Buffers that have been written to are marked as dirty. Before such a buffer can be used in rendering operations the backend buffer must be updated with the new data. Uploading data can be done either when the buffer is unlocked, when the buffer is used in a rendering primitive call or during the pipeline flush in the backend. By default buffers are uploaded when used in rendering primitives. You can control this system-wide default by calling setUploadPolicy, or by passing the appropriate flag to the lock method.

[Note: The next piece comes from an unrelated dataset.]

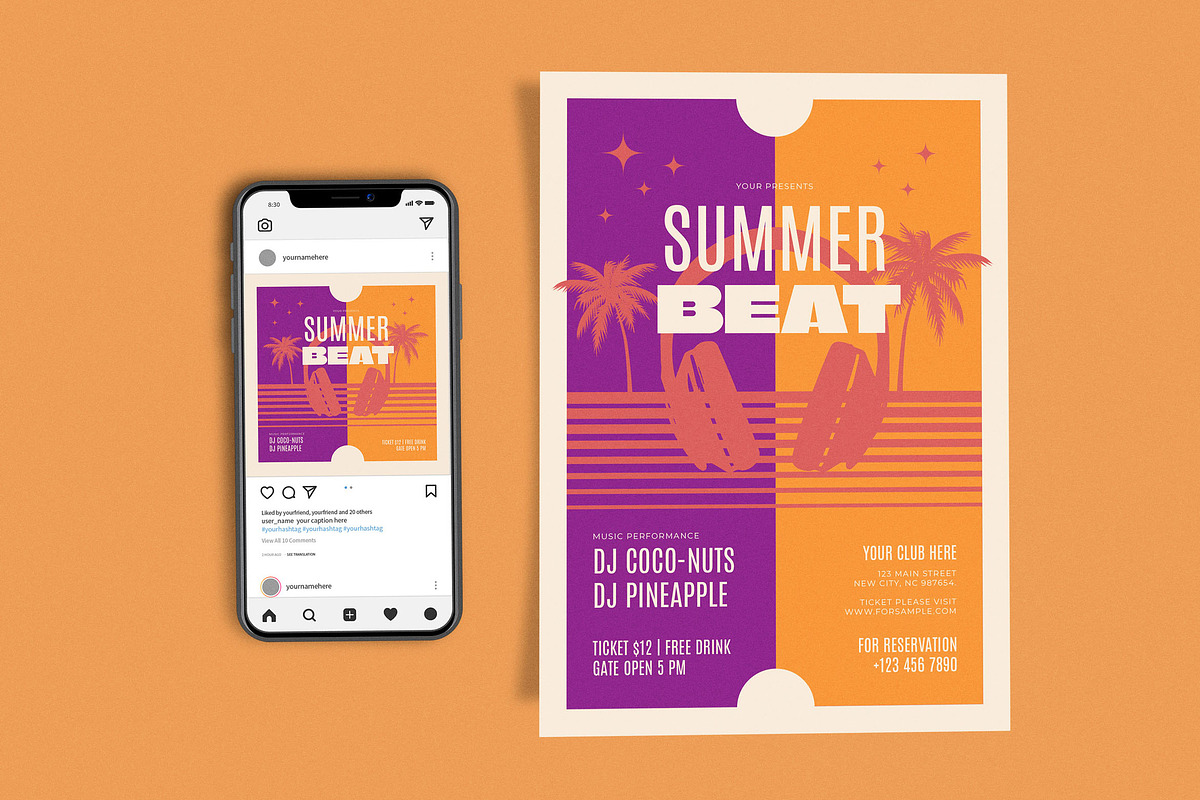Summer Beat Headphone, a Flyer Template by Me55enjah Design (Photo 1 of 4)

Buffers can have allocated memory for more primitives than is currently used. This is useful for dynamically generated geometry which changes the number of primitives on a per-frame basis. You can then allocate storage for the maximum number of primitives you need and use setNumElements to set the current number of used elements.

Vertex Buffers

Vertex buffers store vertex data in a buffer. The vertex format is flexible and controlled by a VertexDecl declaration object passed when creating the vertex buffer. To create a vertex buffer you call createVertexBuffer on the render device, passing in the buffer type, number of elements and vertex declaration object. You can also optionally pass in a pointer to a memory buffer holding initial data for all the elements in the buffer. If you allocate a NOREADWRITE buffer you must pass in a data pointer.

Access to vertex elements is done through the getElement methods after securing a read/write lock on the buffer. You can iterate elements by typecasting the returned void* to an object of the correct size, or use getElementSize to get the size of an element and treat the pointer as a raw byte pointer.

Building a vertex declaration is done by creating a VertexDecl object and then declaring the number of elements with a call to setNumElements or passing it to the constructor. Use getElement to access each VertexElement and define the attributes for them. Each element much appear in the declaration in offset order, i.e an element with a higher index cannot have a lower byte offset than an element with lower index. Also, elements must not overlap, i.e an element with offset 0 and size 4 requires that no other element have offset 0 to 3. For example, defining a vertex format with a 3-dimension vector as position and a 2-dimension texture coordinate layer is done with the following code:

VertexDecl decl( 2 ); //2 elements in declaration
decl.getElement( 0 )->set( VertexElement::POSITION, VertexElement::FLOAT3, 0 ); //Position data, 3-dimension float vector, byte offset 0
decl.getElement( 1 )->set( VertexElement::TEXCOORD0, VertexElement::FLOAT2, 12 ); //Texture coordinate data, 2-dimension float vector, byte offset 12

You can then define a type matching this declaration and typecast element pointers from buffers created with this declaration to pointers of this type:

class Vertex { public: neo::math::Vector3 pos; float uv[2]; };

Index Buffers

Index buffers define rendering primitives as indices into a vertex buffer. For exampe, triangle primitives use three indices per triangle defining the vertices for the triangle. While the engine supports both 16-bit and 32-bit index buffers, default is 16-bit to conserve memory and speed up rendering operations. If you find yourself needing 32-bit index buffers you should consider segmenting your geometry and split it into two or more separate vertex buffers, each 65535 or less vertices. This will allow you to index the vertex data using 16-bit index buffers and improve performance of your game.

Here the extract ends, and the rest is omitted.